• _EXERCISE DIRECTIONS_
Output every entry exactly, without any pictures.

• _SUPPLIED MATERIAL_
- Opening Delimiter -

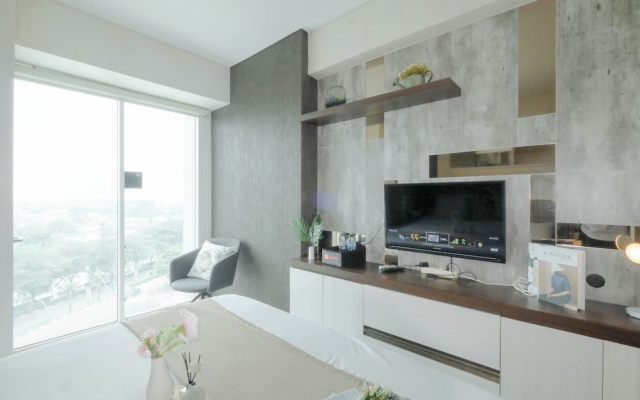 Cozy And Good Studio At Grand Kamala Lagoon Apartment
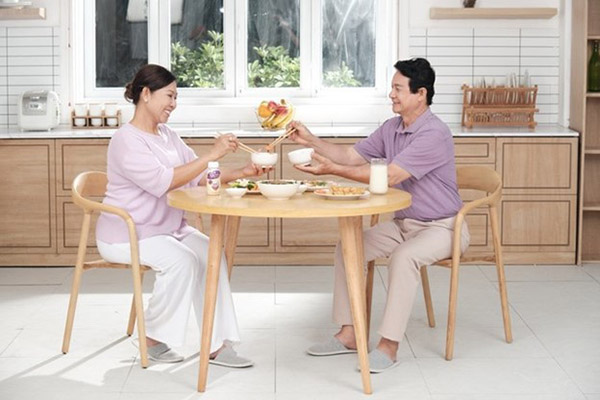 Người lớn cũng cần chăm sóc sức khỏe đề kháng của mình mỗi ngày (Ảnh: Nutifood)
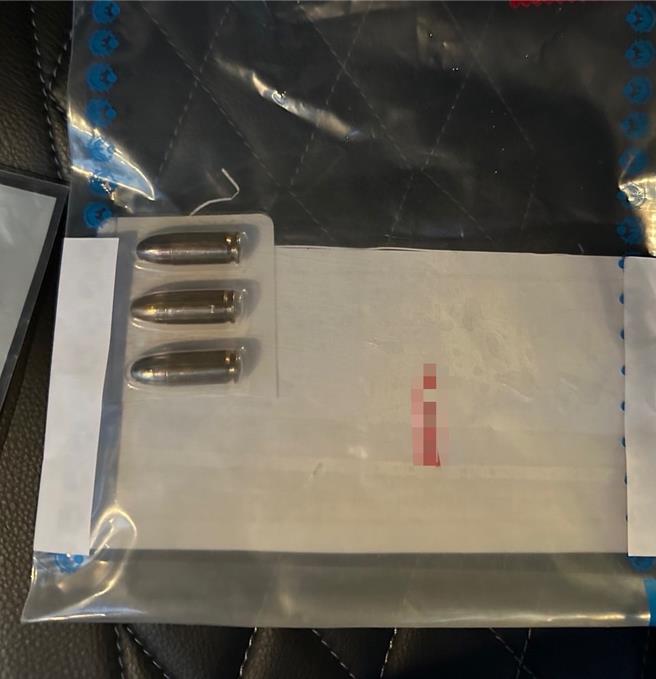 警方查扣改造槍枝、子彈。（警方提供）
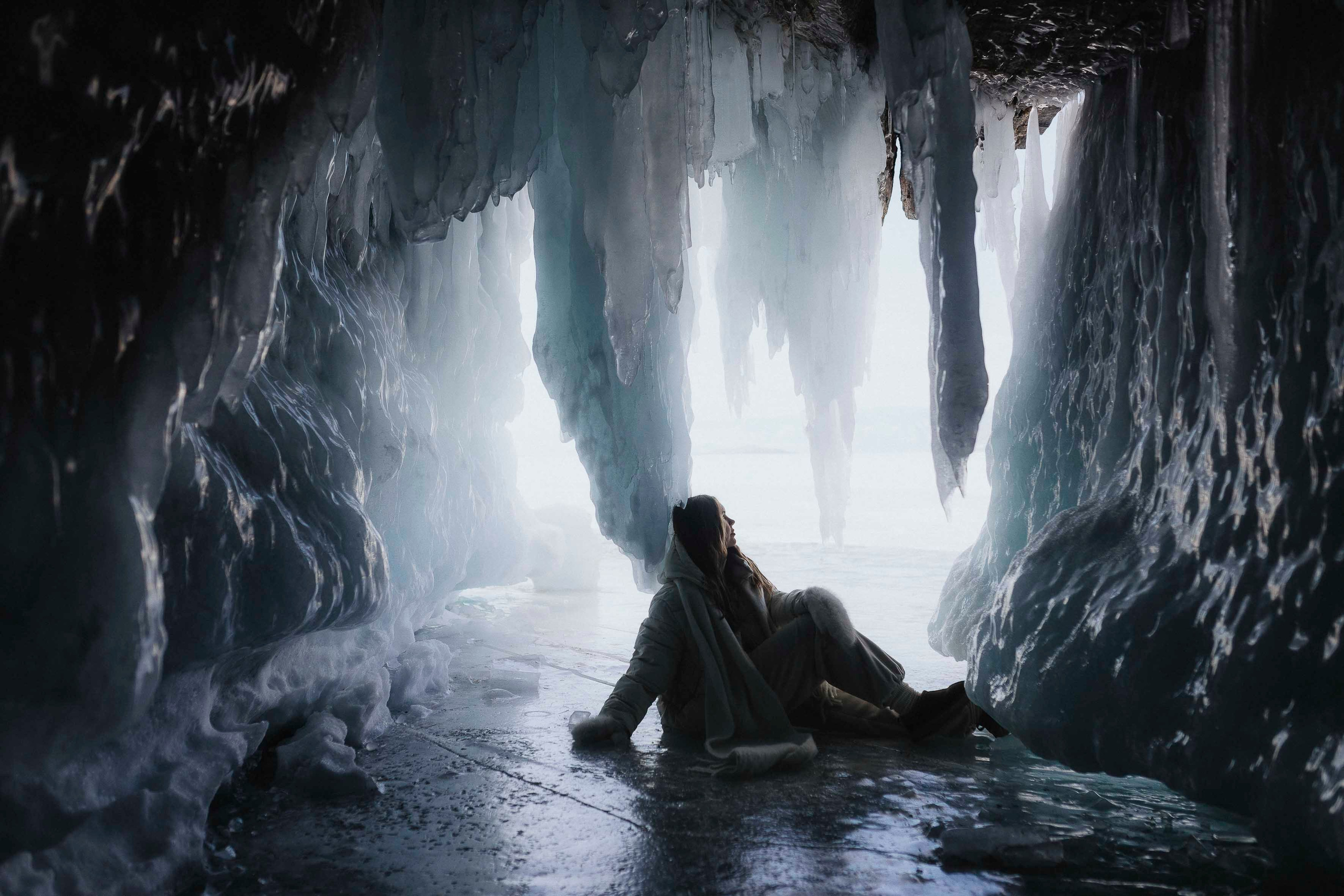 Весь день на льду. Фотограф Ольхон, Регина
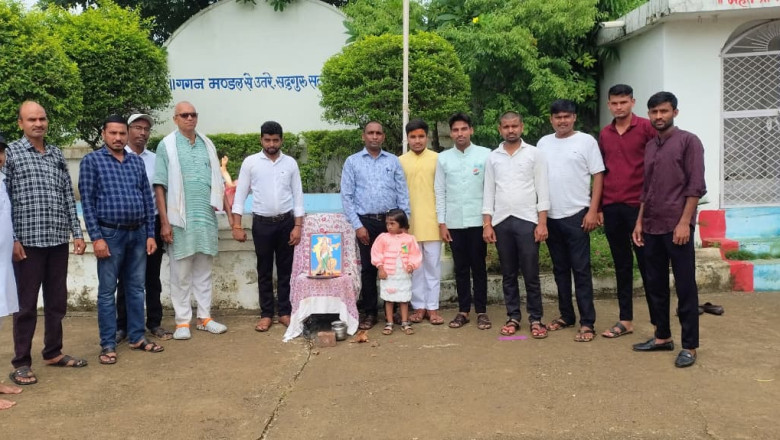 आज स्वतंत्रता दिवस के पावन अवसर पर कबीर कुटी आश्रम पेन्ड्री में युवा शक्ति सेवा संगठन...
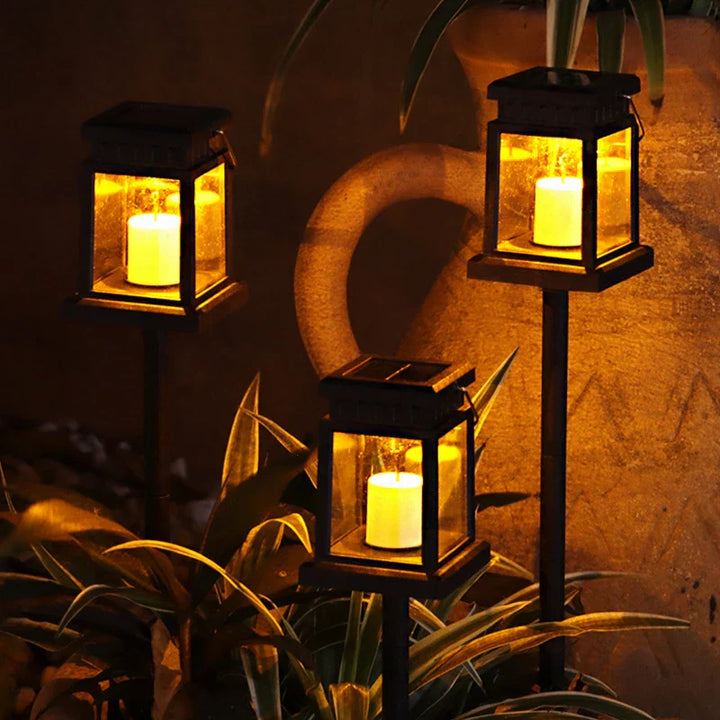 Romantische Solarlampe mit LED-Kerze für gemütliche Abende im Garten oder auf dem Balkon. Dekorative Hängelaterne.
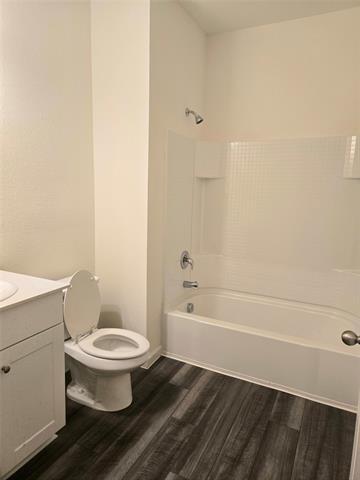 Building Photo - 1825 Sandlin Dr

- Closing Delimiter -

• _EXERCISE ANSWER_
 Cozy And Good Studio At Grand Kamala Lagoon Apartment
 Người lớn cũng cần chăm sóc sức khỏe đề kháng của mình mỗi ngày (Ảnh: Nutifood)
 警方查扣改造槍枝、子彈。（警方提供）
 Весь день на льду. Фотограф Ольхон, Регина
 आज स्वतंत्रता दिवस के पावन अवसर पर कबीर कुटी आश्रम पेन्ड्री में युवा शक्ति सेवा संगठन...
 Romantische Solarlampe mit LED-Kerze für gemütliche Abende im Garten oder auf dem Balkon. Dekorative Hängelaterne.
 Building Photo - 1825 Sandlin Dr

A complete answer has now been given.